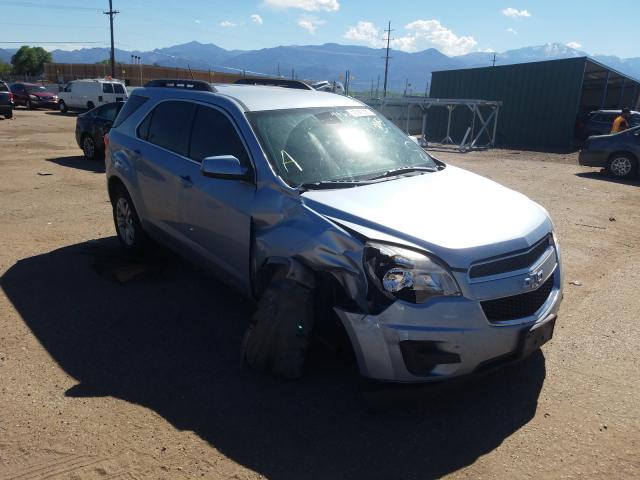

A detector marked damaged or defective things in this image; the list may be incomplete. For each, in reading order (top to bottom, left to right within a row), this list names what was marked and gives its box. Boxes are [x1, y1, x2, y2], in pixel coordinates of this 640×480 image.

detached tire [608, 153, 636, 179]
detached tire [112, 186, 149, 255]
damaged silver suv [106, 80, 564, 384]
crumpled hood [302, 165, 552, 268]
detached tire [242, 278, 316, 378]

*-*-*

- _HOW TO COMPLETE THIS TASK_:
An unchanged copy of the data, images excluded, is all that should be given.

- _RESULT_:
A detector marked damaged or defective things in this image; the list may be incomplete. For each, in reading order (top to bottom, left to right within a row), this list names what was marked and gives its box. Boxes are [x1, y1, x2, y2], in pixel coordinates of this 640×480 image.

detached tire [608, 153, 636, 179]
detached tire [112, 186, 149, 255]
damaged silver suv [106, 80, 564, 384]
crumpled hood [302, 165, 552, 268]
detached tire [242, 278, 316, 378]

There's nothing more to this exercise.